The claimant regards the proceeding as one under the Men law of New York, and, accordingly, makes the defence by his answer that the steamboat was a domestic vessel, and that the lien, if one ever existed, had been discharged by the boat having repeatedly left this port for others, and also gone out of the state before suit brought. The libellant alleges that she was a foreign vessel, and subject to his demand by the general maritime law. An intermediate point also arises in the case as to the liability of the vessel in this court, in rem, for labor and supplies furnished her in New Jersey.

A vessel is personal property, and governed by the laws regulating personal property in respect to mere questions of ownership and incumbrances, and, consequently, as a general principle, it follows, in locality, the residence of the owner. It becomes part of the wealth of the state of which he is a member, and goes, on his decease, wherever it may at the moment be situated, according to the appointment of his domiciliary law. The register and enrollment acts of the United States no further touch the question of ownership of vessels than regards the national character of the owners. Abb. Shipp. 39, 115; 3 Kent, Comm. 133. It is nowhere required that a vessel shall be registered at the place she is owned, nor does the registry express or import more than that the owner is a citizen of the United States. When Clement M. Hancox removed his domicile to New Jersey, the vessel then belonged to him, became a part of his estate there, and, in relation to the domestic laws of New York, a vessel foreign to this state. Not only was that so by legal intendment in this case, but the steamboat was actually with him in his possession, within the state of New Jersey until June 20, 1851. Her coming into this port afterwards to transact business, or as her place of entry and departure on trading voyages, did not change the ownership and constitute her a New York vessel.
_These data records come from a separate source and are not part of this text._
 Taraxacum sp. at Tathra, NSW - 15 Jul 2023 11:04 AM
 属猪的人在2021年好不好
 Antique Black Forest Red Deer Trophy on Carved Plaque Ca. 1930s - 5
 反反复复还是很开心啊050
Up to June 20, 1851, the labor put upon the vessel and the supplies sent her were all furnished in New Jersey, on board her, at her home dock. It is not proved that the laws of New Jersey provided a lien in favor of the libellant for those charges, and none is raised by the general maritime law. The credit will be presumed to have been given the owner personally. This point has heretofore been considered and decided in this court, and ruled the same way, and that decision, on appeal, was affirmed by the circuit court. The Teller [Case No. 13,822].
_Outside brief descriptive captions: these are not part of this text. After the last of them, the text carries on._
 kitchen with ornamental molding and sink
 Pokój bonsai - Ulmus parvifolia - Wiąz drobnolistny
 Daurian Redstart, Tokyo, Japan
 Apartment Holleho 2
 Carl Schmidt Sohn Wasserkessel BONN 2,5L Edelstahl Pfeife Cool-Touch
The stipulation between the parties does not discriminate the portion of the account of the libellant which applies to credits given the steamboat when actually lying within the district. The defence to that branch of the demand is that, if any lien arises under the state statute, it is released and avoided by the boat being allowed to depart from the port, either out of the state for a period of more than 12 days before suit brought; or, if the lien is given by the maritime law, and 956is not sought for under the local statute, that the mortgage security to the claimant is anterior to it in date, and takes precedence as a legal incumbrance. It is admitted by the stipulation that, besides various preceding departures from the city on excursions, the boat left on a charter to Newark the 16th of August, and went from that place the 17th to Shrewsbury, where she broke down; and it was conceded on the argument that she was brought back in a disabled condition, and was arrested in this action after her return, and after possession was taken of her by the mortgagees under their mortgages. It is manifest upon that statement of facts, that the lien authorized by the state law, if any accrued, had been discharged under the express condition of the act, on the steamboat leaving the state the 16th of August for Newark and Shrewsbury. 2 Rev. St. p. 493, §§ 1, 3. The maritime law, however, afforded a lien for the supplies furnished her within this district, she not then being a domestic vessel, and a reasonable time to enforce it. The creditor was not bound to pursue his lien before the vessel left the port of refitment, and proper diligence was employed by arresting her on her first return, little over a week after the debt had entirely accrued. So long as the boat continued a foreign vessel, the creditor was not bound to put each demand in suit as it arose, but could furnish repairs and supplies to her when her necessities required, and consolidate the demands in one action, there being no unreasonable delay, amounting to laches, in prosecuting the claim. The credit commenced after June 20th and terminated August 8th, and the libel was filed August 23d, a period, in the whole, of scarcely two months.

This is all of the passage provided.